Sync question

bob · Post by **bob** » Fri Jul 24, 2009 6:59 pm

Aleks Peshkov wrote:I do not know how the thought is callled, but it seems obvious.

What about reading the same complex value twice? If the result is different repeat until read is consistent.

The same is for writing stage: reread the result of write, until it is synchronized with what is required to write.

Same problem. race, race, race. You can't pull this off on X86 without a lock. within a single CPU writes are done out of order. With multiple cpus, you get multiple out-of-order write permutations...

That's why we have atomic locks (lock prefix on X86) in the first place.

bob · Post by **bob** » Fri Jul 24, 2009 7:00 pm

hgm wrote:Taking another look at the description of the load/store unit makes it very unlikely an sfence instruction is needed here:

http://www.anandtech.com/cpuchipsets/in ... i=2748&p=5

This confirms that neither AMD nor Intel architectures allow stores to pass each other (as I already thought). So if you write A before B there should never be a situation where your cache contains an old A and an updated B. So no matter when these changes become "globally visible", it should not be possible for a reader to obtain a cache line where B has changed and A not.

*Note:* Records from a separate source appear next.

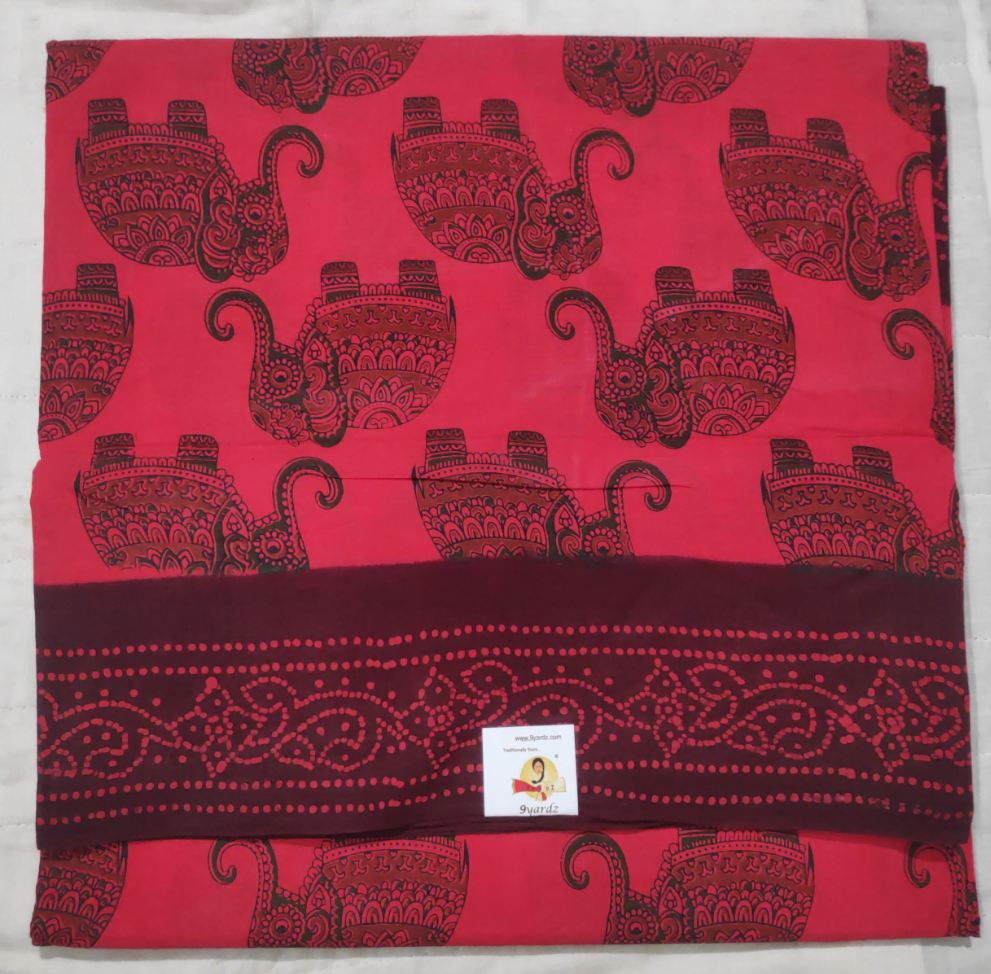 Sungudi cotton 10.5 yards madisar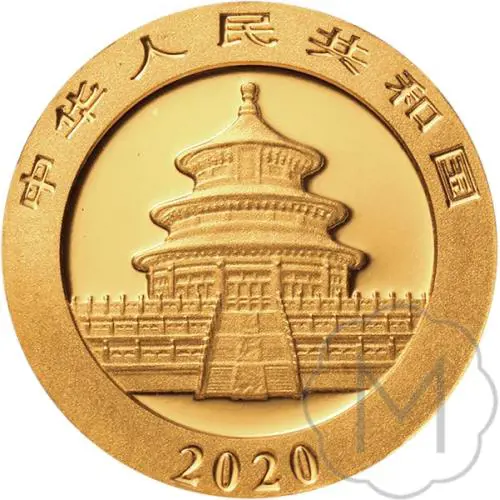 Chinese Panda 2020 Gold 1 gram #2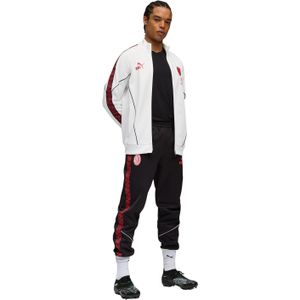 PUMA AC Milan Pre-Match KING Anthem Trainingspak Full-Zip 2025-2026 Wit Zwart Rood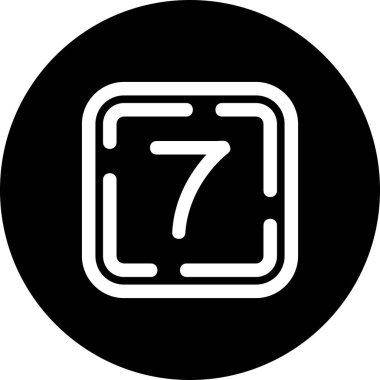 7 numaralı vektör simgesi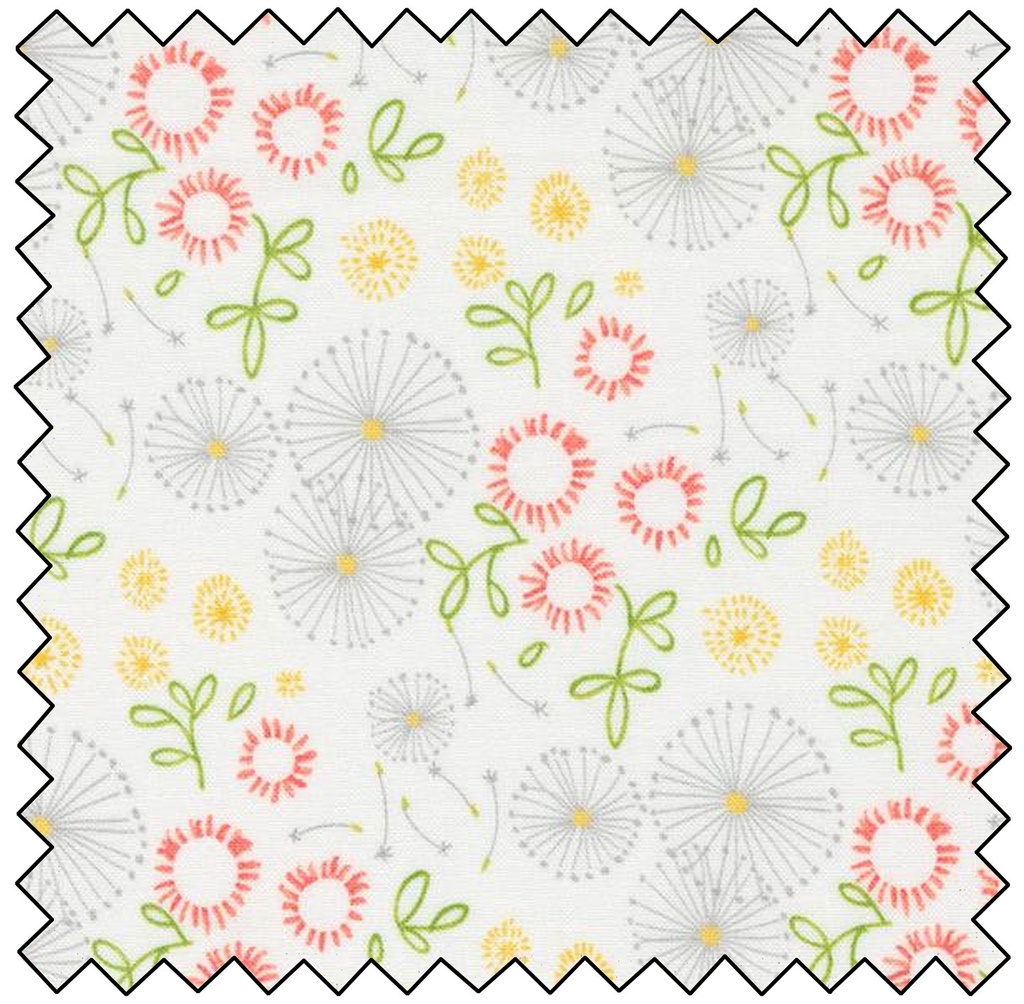 Dandi Duo - Small Focal Print - CREAM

Sfence is not needed; it does much more than needed. It delays the second store until after others could have seen the first. We don't care about that here; it is perfectly OK to change the the second even before other readers could have seen the change of the first. As long as they could not see them change in the wrong order eventually. Which should be the case if they are written in order into the same cache line.

The problem is not cache. The problem is memory. If you write A, and then B, Intel will most definitely be able to push B to memory before A. You can find lots of information on out of order writes.

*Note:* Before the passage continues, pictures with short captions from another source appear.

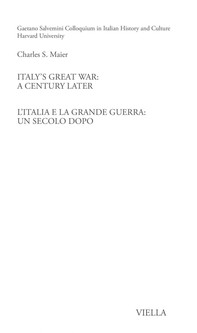 Italy’s Great War: A century later / L’italia e la Grande Guerra: un secolo dopo - Librerie.coop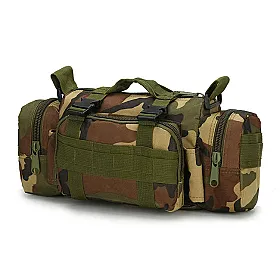 Тактична сумка з системою MOLLE, камуфляж - для військових завдань та активного використання, водонепроникна.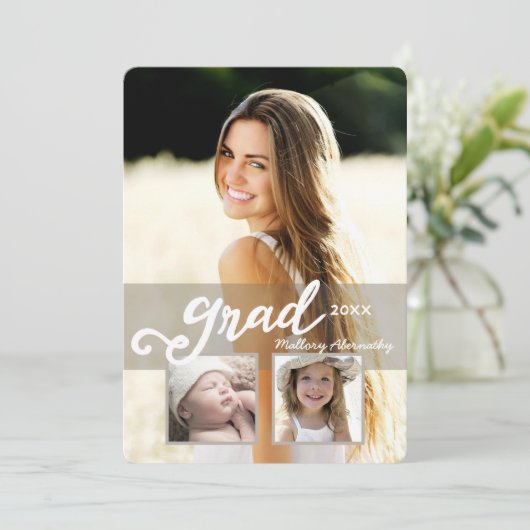 Afstudeerder 2016 Modern Girl Foto Afstuderen Aank Kaart (Staand voorkant)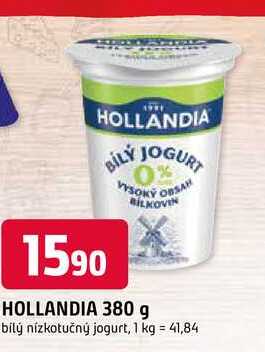 HOLLANDIA 380 g bílý nízkotučný jogurt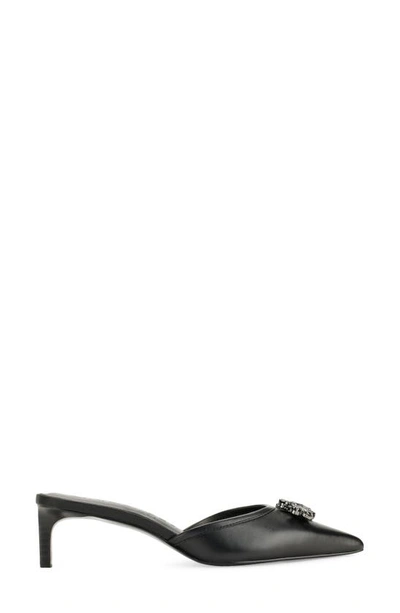 Shop Karl Lagerfeld Sosie Crystal Pointed Toe Pump In Black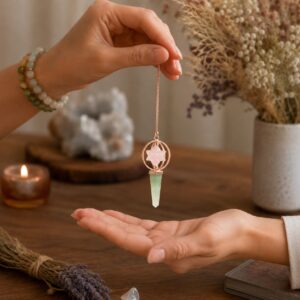 The Heart Compass: Rose Quartz & Aventurine Merkaba Pendulum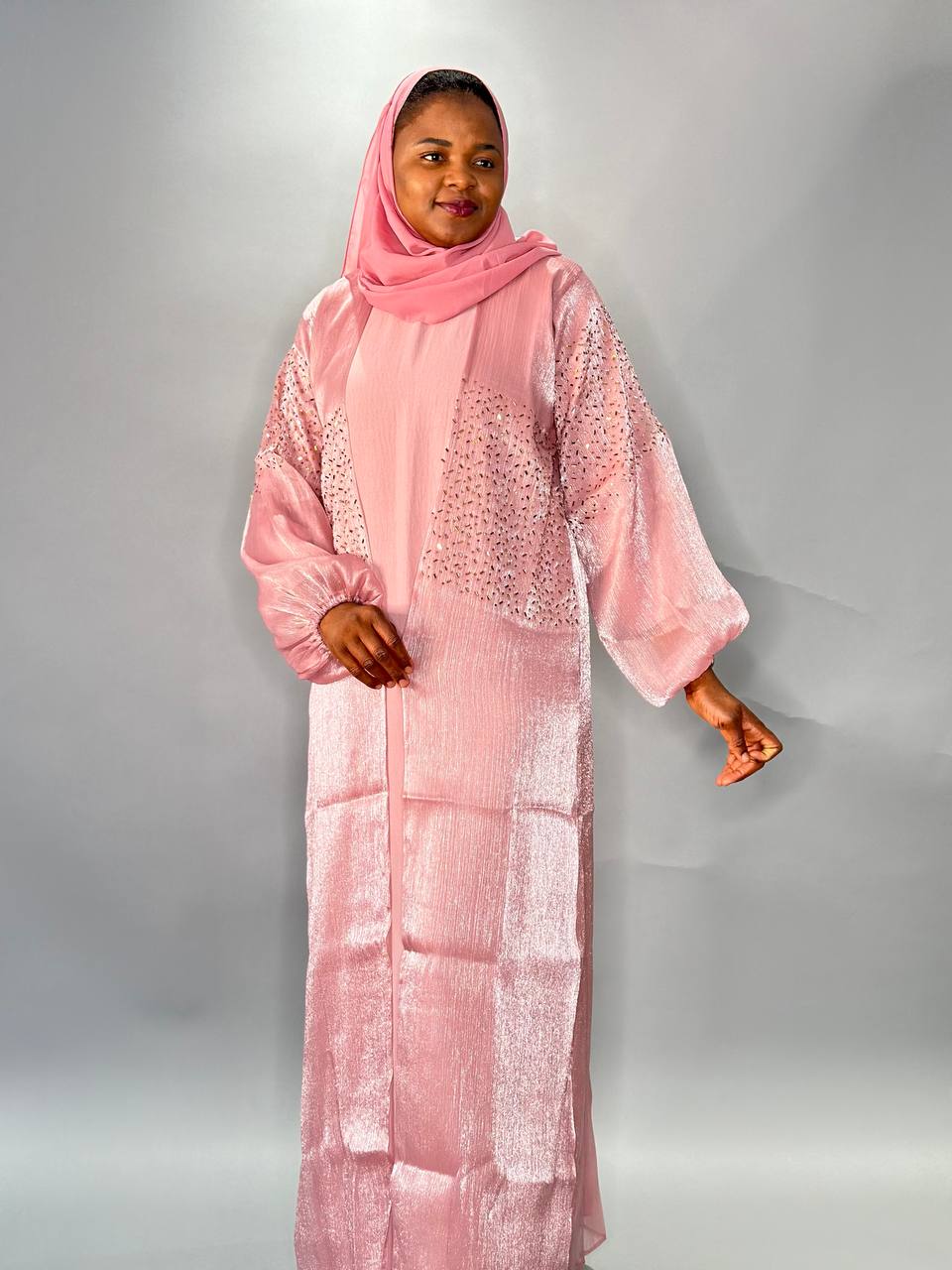 Abaya Zainab - pink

hgm · Post by **hgm** » Fri Jul 24, 2009 7:30 pm

The MESI protocol has taken care of this for more than a decade now. It doesn't matter at all in which order item are flushed from cache to memory. A reader will just not be allowed to access stale memory before the cache line is completely written. Snooping hardware will see to it that being in cache is for all intents and purposes equivalent to being in memory.

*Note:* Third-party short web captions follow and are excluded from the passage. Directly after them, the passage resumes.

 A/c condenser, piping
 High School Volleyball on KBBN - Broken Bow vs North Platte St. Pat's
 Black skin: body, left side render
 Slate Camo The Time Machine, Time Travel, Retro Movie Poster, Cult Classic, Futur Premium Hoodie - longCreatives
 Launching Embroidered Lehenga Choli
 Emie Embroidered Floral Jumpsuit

If there is a problem, it is certainly not in that area.

bob · Post by **bob** » Fri Jul 24, 2009 8:53 pm

hgm wrote:The MESI protocol has taken care of this for more than a decade now. It doesn't matter at all in which order item are flushed from cache to memory. A reader will just not be allowed to access stale memory before the cache line is completely written. Snooping hardware will see to it that being in cache is for all intents and purposes equivalent to being in memory.

If there is a problem, it is certainly not in that area.

There are several problems. Let me give you a very simple case to think about.

We have 3 words of memory, call 'em A, B and C. I claim that no matter what order you write them in, they can show up in memory in a _different_ order. Here is one way, there are others:

First I store A, which is the first word on cache line X. Then I store B, which is the first word on cache line Y. Then I store C which is the second word in cache line X.

Both lines get invalidated because they get replaced by something else. Which one gets invalidated first? Who knows. But that one gets written back first. If cache line X is written first, then A and C get updated in memory before C. If Line Y is written first, then B gets written before A and C.

Look up "write-combining buffers" for lots of examples where this can be a problem. not if you use atomic locks, but fences don't solve the problem. A fence just forces all writes to be done before you proceed beyond the fence. But that is "all writes" from the processor's perspective, if you haven't yet done a write because the optimizer moved it around, then you will see perhaps wrong results.

Bottom line is quite simple. If you want to have readers and writers, and make certain that a reader can't access the data if a writer has modified it, you need to use the classic mutex/atomic-lock critical-section approach. Any attempt to bypass the overhead of the lock is going to lead to many very subtle (and perhaps rare, but not never) bugs requiring significant debugging time. The right way is to simply prevent the problem from happening in a safe and reliable way, and either eliminate the need for the critical section (the lockless hashing idea is one example of this) or else make the program immune to failure if the writes are not all completed before a reader starts accessing the data.

To tell anyone to do this in any other way is simply doing them a disservice and will lead to much unnecessary debugging. And indeed sometimes these race windows are so very narrow they almost never occur. But "almost never" is not "never" and leaving such a window of opportunity for failure is not the way to write reliable software.

To understand this problem, you have to step back one or two steps further than you currently are. An individual CPU executes things out of order already, so getting out of order stores is already common. Then you have multiple instruction streams with multiple cores or packages, further adding to this. And then cache introduces its own set of quirks by trying to optimize memory writes with the write-combining stuff, I can't safely read something and assume that if it is unchanged, the other "associated data" is also unchanged. There are too many possible pathways that violate this.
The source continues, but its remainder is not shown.